Quello che non ho (più) è il regime di terrore sotto cui era nato, che tentava di sopprimere qualunque voce fuori dal coro con editti bulgari e minacce telefoniche ai direttori di rete, facendo di conseguenza risultare più valorosa l’impresa degli impavidi che trasgredivano.
Quello che vorrei è che questo paese si divincolasse dal manicheismo intellettuale che lo attanaglia, ritrovando il gusto per le mezze misure che intercorrono tra un entertainment decerebrato ed un intrattenimento che, per mostrarsi impegnato, elimina ogni patina di leggerezza. Toni plumbei e solennità liturgiche hanno dominato due delle tre serate ospitate da la7, andate in onda dalle Officine Grandi Riparazioni di Torino. La coppia paladina delle questioni morali, accompagnata dall’angelo custode De André e dagli amici di sempre del milieu culturale di sinistra, ha utilizzato a questo giro la forma teatrale del reading per invitare a riflettere sul valore delle parole, portando all’attenzione in un susseguirsi di interventi l’intera serie di piaghe che affliggono l’umanità.
Le lezioni di educazione civica di Saviano sicuramente servono. Servivano ai dieci milioni di telespettatori di Vieni via con me, che per la prima volta nella storia, per quattro lunedì di seguito, sconfiggevano all’auditel il Grande fratello, invocando di conseguenza la fine di una politica condotta a mo’ di reality show; e servono ancora oggi, per non dimenticare. Così come non bisogna mai dimenticare chi è Roberto Saviano, un ragazzo che a 27 anni decide con un libro di denunciare la camorra (fino a quel momento argomento tabù), firmando la propria condanna a morte. Ma sarà ancora consentito, si spera, sollevare perplessità sull’utilità sociale di un discorso fondato su interpretazioni personali (la lettera inviata in carcere a Michele Zagaria), interrogarsi sulle sue doti di scrittore, nonché di monologhista, che nel contesto televisivo non sempre reggono la scena e a tratti annoiano. L’arte oratoria inoltre, va esercitata sulle folle da un guru spirituale alla volta. Non serve affiancarsi ad altri prosatori, altrettanto antitelevisivi, chiamati a dare l’estrema unzione ad un popolo che per troppo tempo si è pianto addosso. L’attuale congiuntura storica necessita anche di speranza. Come ha scritto Beppe Severgnini, “Non si può abbattere una Nazione già abbattuta”, perché adesso che abbiamo voltato pagina bisogna rialzarsi e compiere un’opera di ricostruzione pari a quella del dopoguerra.

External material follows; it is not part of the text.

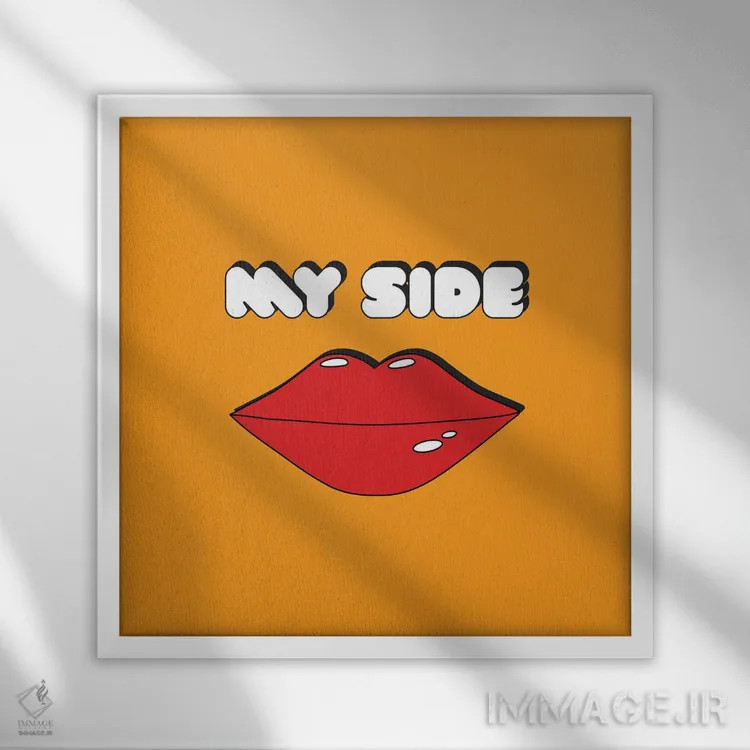 تابلو طرف من اثر دیزاینز سرکا ۷۸ - نمای قابدار سفید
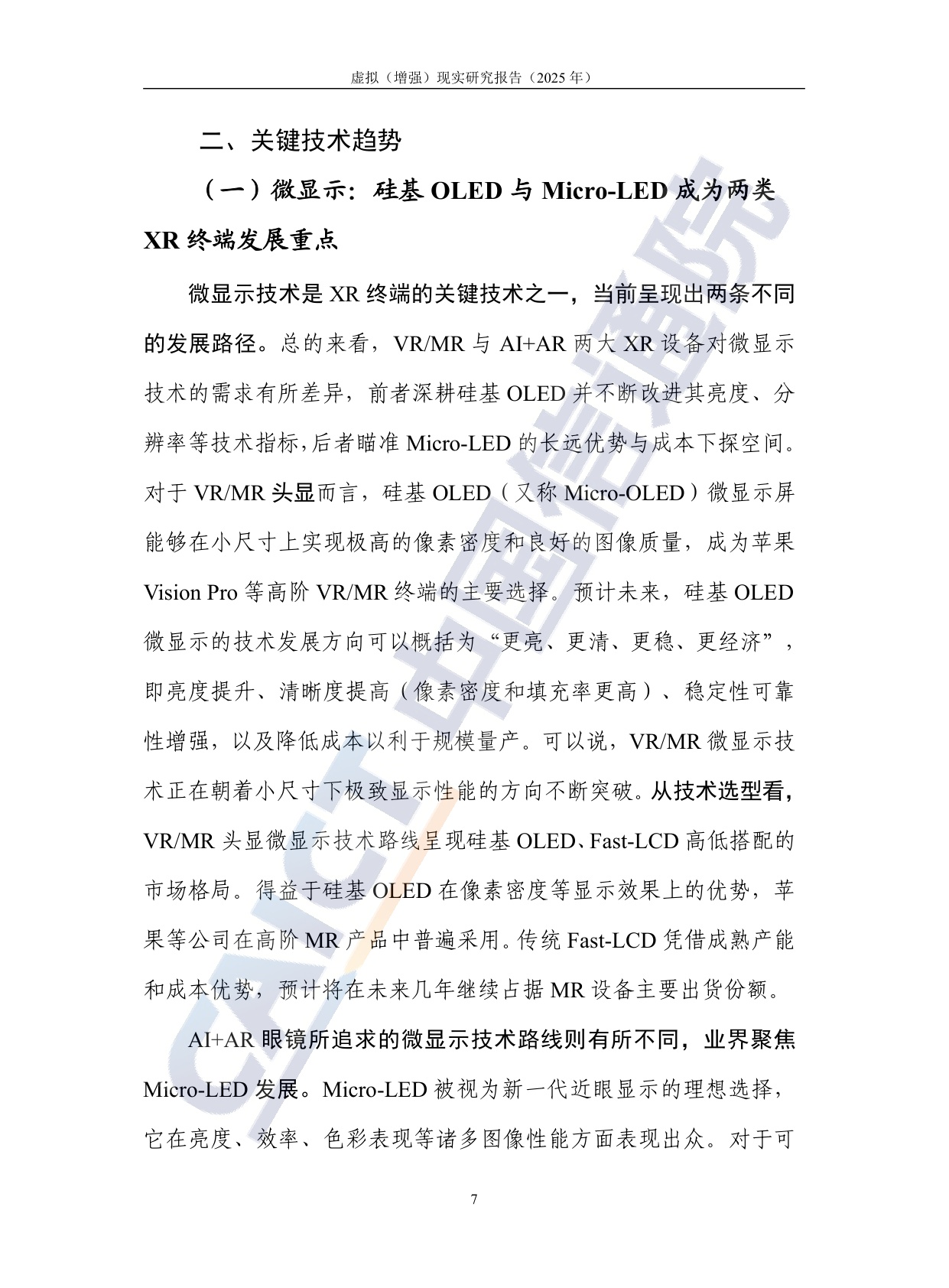 中国信通院：虚拟（增强）现实研究报告（2025年）.pdf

Lo share ha premiato l’iniziativa, ma le polemiche devono essere giunte a destinazione se nella serata conclusiva si è deciso di raddrizzare il tiro dando notevole spazio alla musica e alla verve comica. Personalmente ricordo poco degli interventi inghiottiti dal clima funereo, mentre ricordo benissimo il discorso di Ermanno Olmi sul tempo tiranno e cos’è un Laogai. Questo perché con una scansione ritmica adeguata i messaggi penetrano molto più efficacemente, sorretti da un intervallo che ne veicola l’assimilazione. E “Wonderful world” eseguito da Elisa, è stato un traino perfetto per spingerci a guardare avanti.